Boltar, LLC v. Comm'r., 136 T.C. No. 14 (4/5/2011)
In Boltar LLC, the Tax Court completely barred the taxpayer's appraisal report from evidence. At issue was the correct value of an income tax charitable deduction for a conservation easement.
In 1996, Boltar LLC ("Boltar") acquired parcels of land in Indiana. In 2003, Boltar granted a conservation easement to a land trust on a portion of one of the parcels. On its 2003 partnership income tax return, Boltar claimed a charitable contribution deduction of $3,245,000, but only $42,400 was allowed by the IRS. The IRS filed a motion to exclude Boltar's expert report and testimony as neither reliable nor relevant under the Federal rules of evidence and under Daubert v.

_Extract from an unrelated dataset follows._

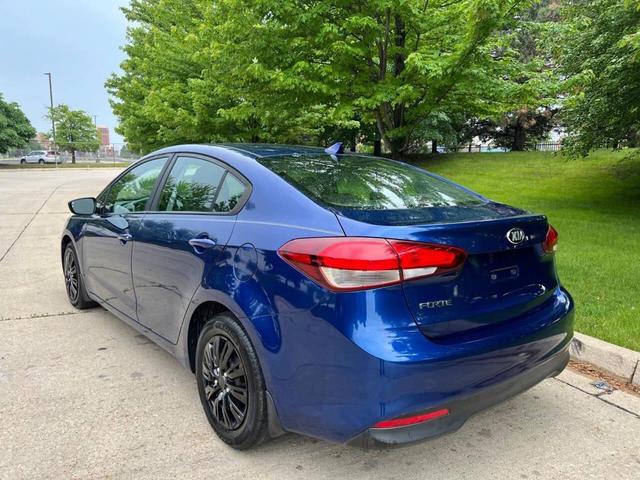 Photo of 2018 Deep Sea Blue Kia Forte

Merrell Dow Pharm., Inc., 509 U.S. 579 (1993). The entire Tax Court found significant problems with Boltar's appraisal including: (1) factual errors, such as ignoring a utility easement on the property; (2) errors in identifying the property's location; (3) errors in which zoning rules apply to the easement; (4) the expert continued to assert the appraised value was correct, even after admitting factual errors; and (5) the appraisal was based on a draft of the conservation easement, not on the final conservation easement.

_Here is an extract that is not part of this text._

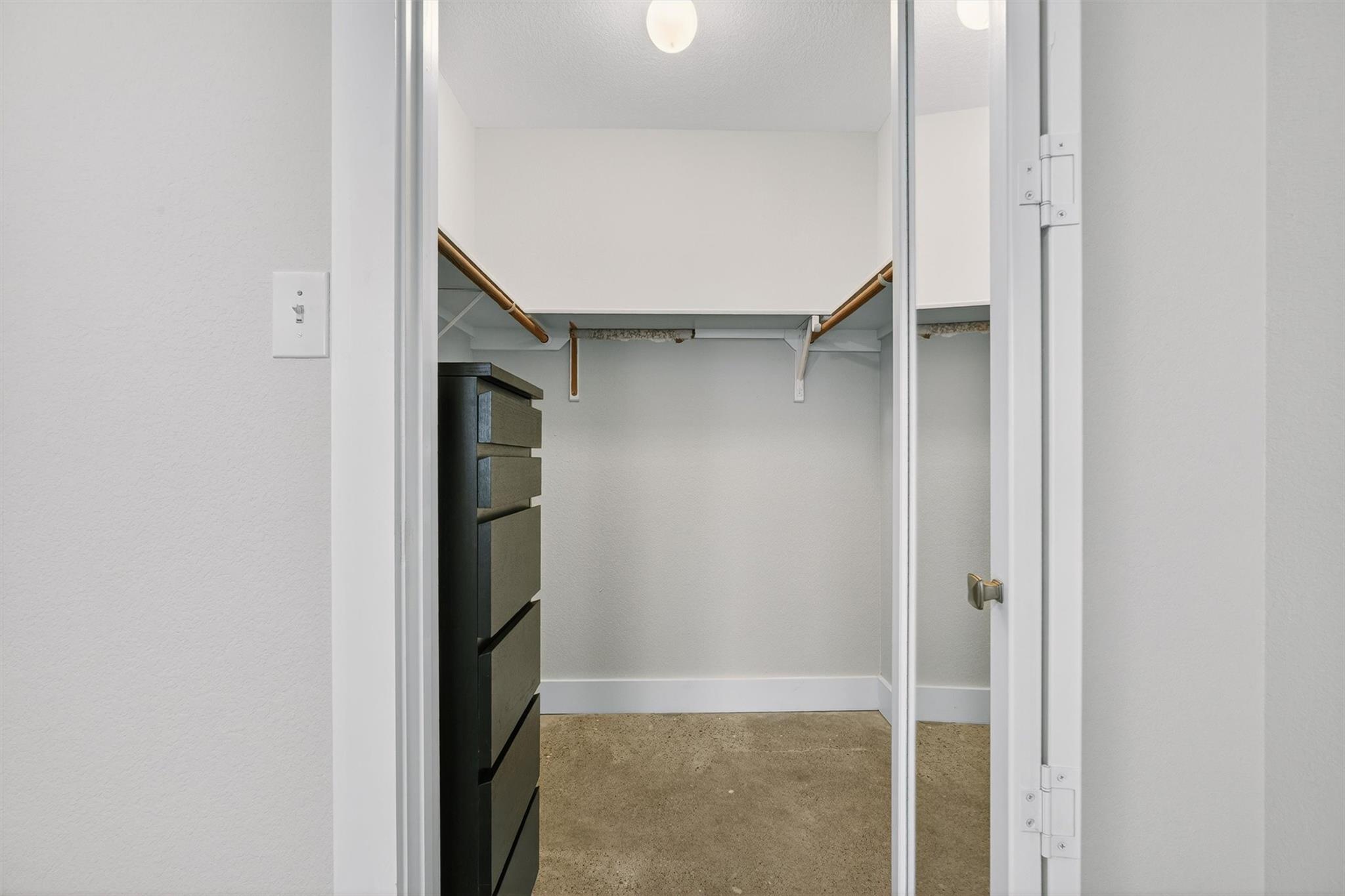 1182 Waller St, Austin, TX 78702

The Tax Court expressed that it was not inclined to guess at how the valuation should be adjusted for the factual errors, and found the report as a whole to be too speculative and unreliable to be useful. The expert's report and opinion was so problematic that the Court granted the IRS's motion to exclude it. The taxpayer argued that the Daubert analysis should only apply in a jury trial and this case was a non-jury trial. The Tax Court rejected this argument and held that a Daubert-type exclusion can apply in a bench trial.